Relative perturbation theory for eigenvalues of Hermitian positive definite matrices has been well-studied, and the major results were later derived analogously for Hermitian non-singular matrices. In this dissertation we extend several relative perturbation results to Hermitian matrices that are potentially singular, and also develop a general class of relative bounds for Hermitian matrices. As a result, corresponding relative bounds for singular values of rank-deficient $m\times n$ matrices are also obtained using related Jordan-Wielandt matrices.

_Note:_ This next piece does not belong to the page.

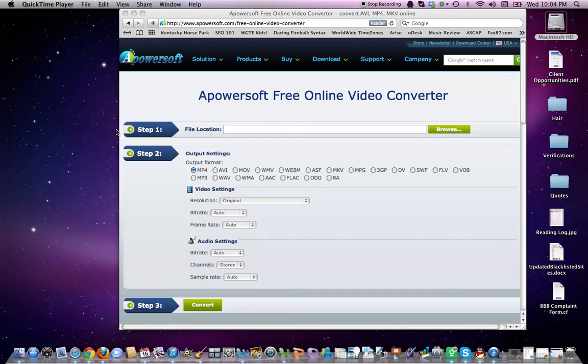Today I'm going to be showing you how to convert an AVI format to a MOV format using your Mac computer and the APowerSoft software.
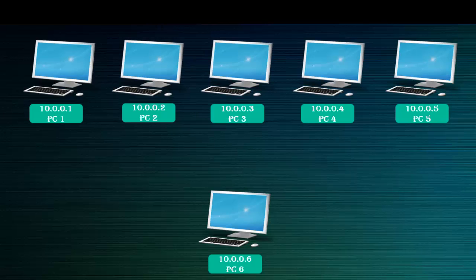Or for example, if PC6 wants to send data to PC1, then he will use the IP address 10.0.0.1. So this is how unique IP addresses work in a computer network.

We also discuss a comparison between the main relative bound derived and the Weyl's absolute perturbation bound in terms of their sharpness and derivation in practice.

翻译：埃尔米特正定矩阵特征值的相对扰动理论已被充分研究，其主要结果随后被类似地推广至埃尔米特非奇异矩阵。本文进一步将若干相对扰动结果拓展至可能奇异的埃尔米特矩阵，并发展了一类适用于埃尔米特矩阵的广义相对界。借助相关Jordan-Wielandt矩阵，本文还获得了秩亏损的$m\times n$矩阵奇异值的相应相对界。此外，我们从尖锐性和实际推导角度，讨论了所推导的主要相对界与Weyl绝对扰动界之间的对比分析。